Here is what I have been considering lately, with the code overall. I
hope that laying it out in points will help both myself and others try
to divy up what could be improved about the code, work on it piecewise,
and make sure nothing is reimplemented incorrectly. I know I'm new to
the code and thus have not looked into it thoroughly enough to
understand everything about it, but again, something in the back of my
head is telling me that if it's this difficult to understand now, then
it can stand to be changed. So please take my criticism lightly and
only where it applies. I could be wrong about some things as well. But,
as a testing suite, this is the place we absolutely need to be sure we
get right, because with a hard-to-reason testing suite, we open
ourselves up to bugs within the tests themselves.
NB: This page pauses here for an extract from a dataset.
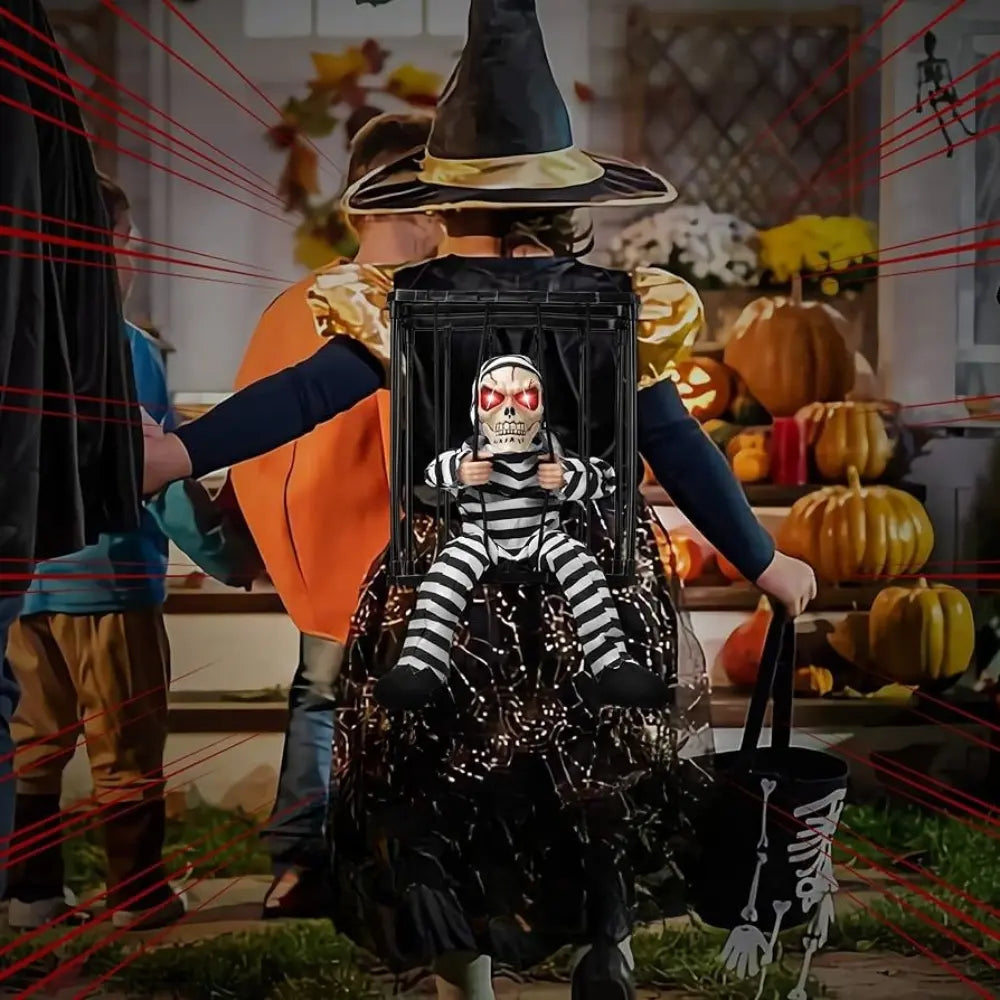Hängende Halloween Skelett Dekoration | Kunststoff Hängefigur für Halloween | Saisonale Deko für Innen- und Außenbereiche | Schmid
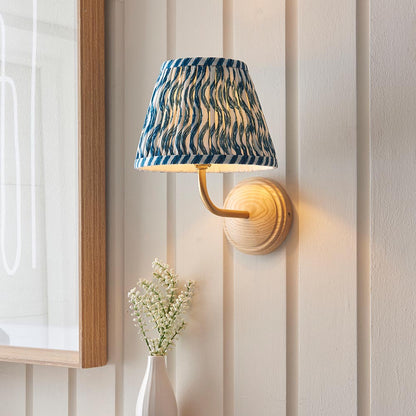 Wood Arc And Ripple 20cm Marlin Blue Shade Wall Light In Brushed Aged Brass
- Documentation especially for methods that the tests are supposed to
  call. In `Node` class, there is a comment "Users are expected to call
  these" with `__init__` and three other functions declared. `__init__`
  is fairly self-explanatory but the other three could stand to have
  the same docstrings that we are giving other functions. I think this
  should be my first task, before trying to mess with anything that
  moves. That way, we have a clearer overview of the testsuite's API,
  and then we can work the implementation around that.
- Once it's clear to all of us (meaning, not only the core Chutney
  devs, but also outsiders such as myself) what the current interface
  does, we can see the strengths of that interface, maybe some design
  flaws if we deem any to exist, and some improvements we can make with
  the interface. What I mean is: here is the place to make any
  necessary adjustments to the API before we dive into implementation.
- Now we visit the implementation. By this point I (and other non-core
  developers) should have a better understanding on what the tests
  *should* be doing, that we can then proceed to verify the correctness
  of the tests' implementations themselves. Here's where I would like
  to revisit cleaning up the code so that we make use of functions to
  abstract and "atomize" certain aspects of the code (like the
  currently-unused function isBoostrapped), where we should introduce
  more self-documenting names (as suggested, replace getAttribute names
  with isAttribute names for when we want to return bool values), et
  cetera.

I'm outlining what *I* think the approach should be, and in hopes that
everything else will line up and make more sense for us all. I do want
to make sure I know what the code should be doing, because while I
could inspect the code line by line and go through the logic branches
myself, I'm going to be perfectly honest and say it gives me a
headache :) I think it's much easier to reason about with
compartmentalised, self-documenting (and docstringed) components, than
to try to step through the code as it runs and take it in as one giant
piece.

Because, we're testing a complex piece of software (Tor). Tor itself
can do a lot of things that can throw us off especially if we're less
familiar with its implementation, yet. And that throws off our
understanding of how Chutney is supposed to work, as well. A lot of the
tests currently seem to be very conditional -- they pass or fail with
little rhyme or reason, which is of course the best type of issues to
debug :P -- so I don't see the test results helping me as well as
refactoring the testsuite first.

Again, let me know if I have anything wrong, made any unjust
assumptions, showed my ignorance, et cetera. I'm going into this boldly
and I hope that's the right call.

Caitlin